**ASSIGNMENT:**
Return, word for word, the lines of the listing below from the one with "馬日本の馬武芸馬術角 シーズンポストカード (スタンド正面)" through the one with "TIAN-K Wooden Multiplication", and no other lines.

**INPUT:**
◆ ◆ ◆ ◆

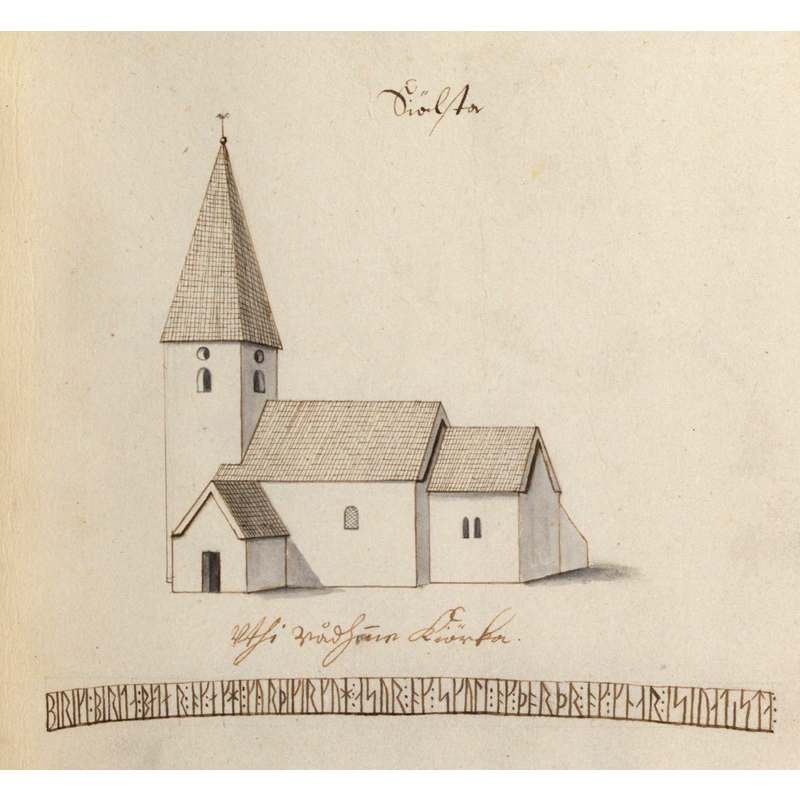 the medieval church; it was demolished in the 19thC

◆ ◆ ◆ ◆

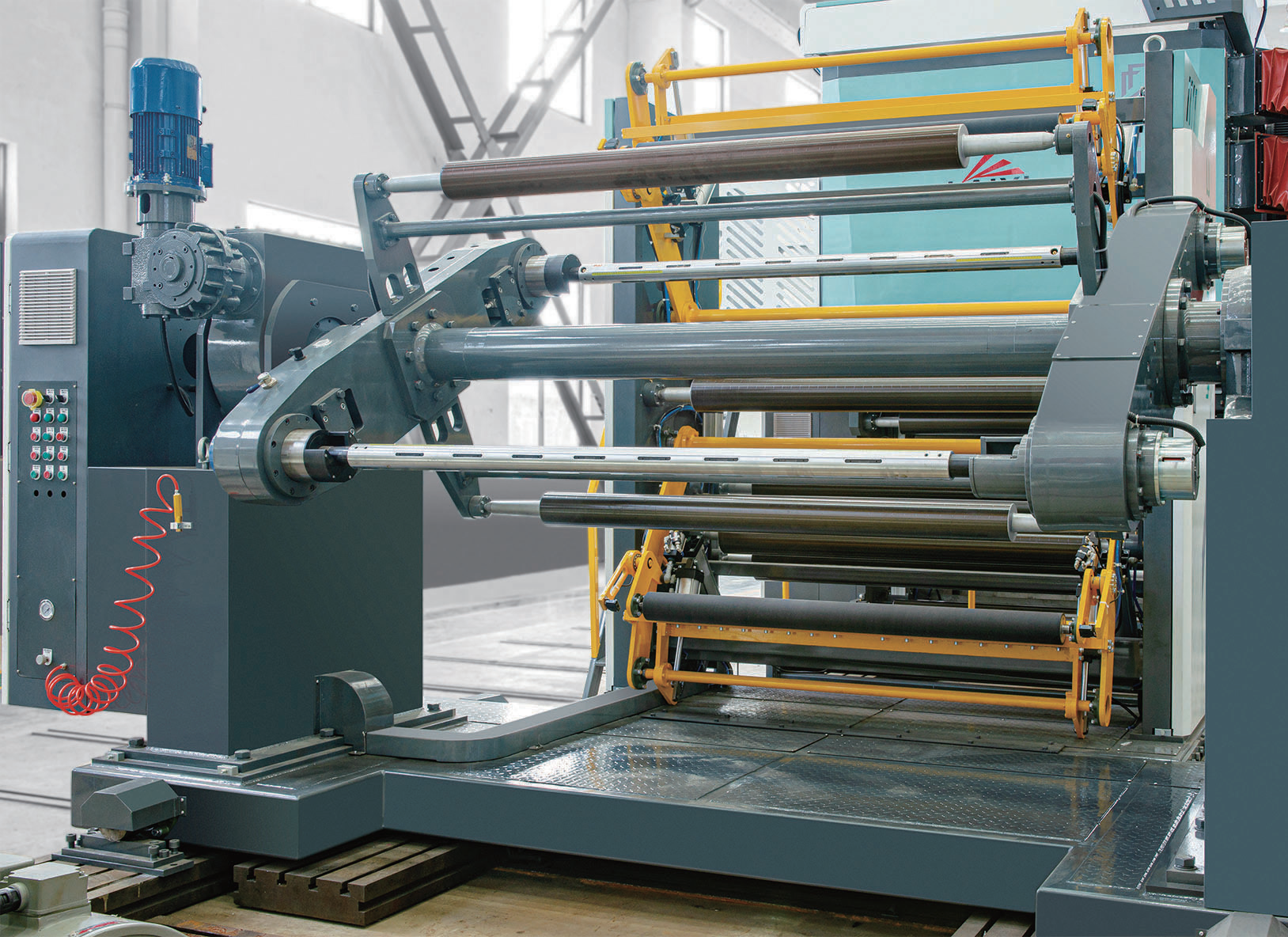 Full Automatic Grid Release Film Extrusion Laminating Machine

◆ ◆ ◆ ◆

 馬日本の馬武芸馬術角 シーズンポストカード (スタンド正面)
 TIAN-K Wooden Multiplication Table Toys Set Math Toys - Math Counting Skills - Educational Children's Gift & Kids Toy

◆ ◆ ◆ ◆

**RESPONSE TO THIS TASK:**
 馬日本の馬武芸馬術角 シーズンポストカード (スタンド正面)
 TIAN-K Wooden Multiplication Table Toys Set Math Toys - Math Counting Skills - Educational Children's Gift & Kids Toy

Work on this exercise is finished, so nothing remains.